I am a regular contributor to the San Francisco Chronicle’s Real Estate Section. In May 2025, this is how I answered their question:
Are there any ways to pay lower premiums for homeowners insurance, or reduce the risk of being dropped? #
Lower premiums? That’s unlikely. State Farm requested another rate hike just this week.
Remaining insured is the bigger challenge. As a homeowner, your best bet isn’t just shopping around—it’s going on offense. That means doing the “non-sexy” upgrades that matter: roofs, electrical, and seismic. If you work on your roof, you can do some good simultaneously, solar panels or something more grounded.
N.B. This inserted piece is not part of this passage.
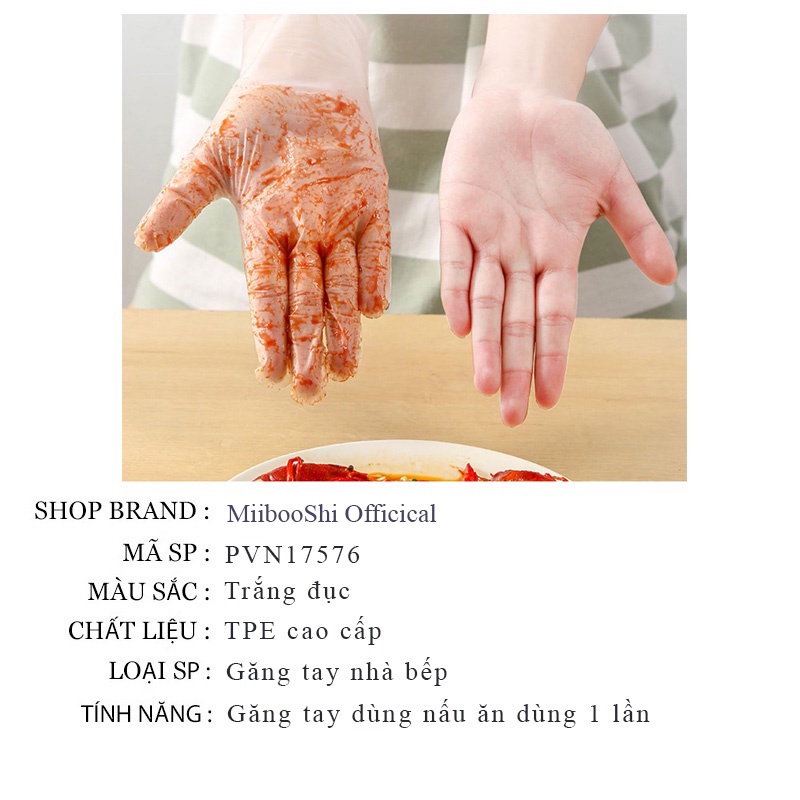 Găng tay nhà bếp nấu ăn dùng 1 lần hộp 100 cái Victoriabay siêu dày siêu dai đa năng tiện lợi MiibooShi PVN17576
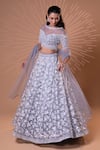 Buy_Jiya by Veer Design Studio_Grey Net Beads, Sequins, Embroidery Boat Neck, Off-shoulder Work Lehenga Set _Online_at_Aza_Fashions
Our home’s shingles, for example, supposedly help reduce smog (through science).
Upgrading electrical systems—especially if you have Federal Pacific panels or knob-and-tube wiring—can allow for LED lighting, more outlets, EV charging, and A/C. It may even let you insulate exterior walls, improving efficiency and dampening sound between neighbors. In wildfire zones, clearing vegetation and updating roofs, siding, windows, and fences to ember-resistant materials may help (but it’s still tough simply by virtue of location). Check your wood decks too.
In all cases, keep upgrade documentation—including permits (you got those, right?). Insurers may seem arbitrary and calculated (e.g., satellite imagery used to flag old roofs or ones that pond rainwater), but doing just some of the above will make your home safer, more efficient, and more likely to stay covered.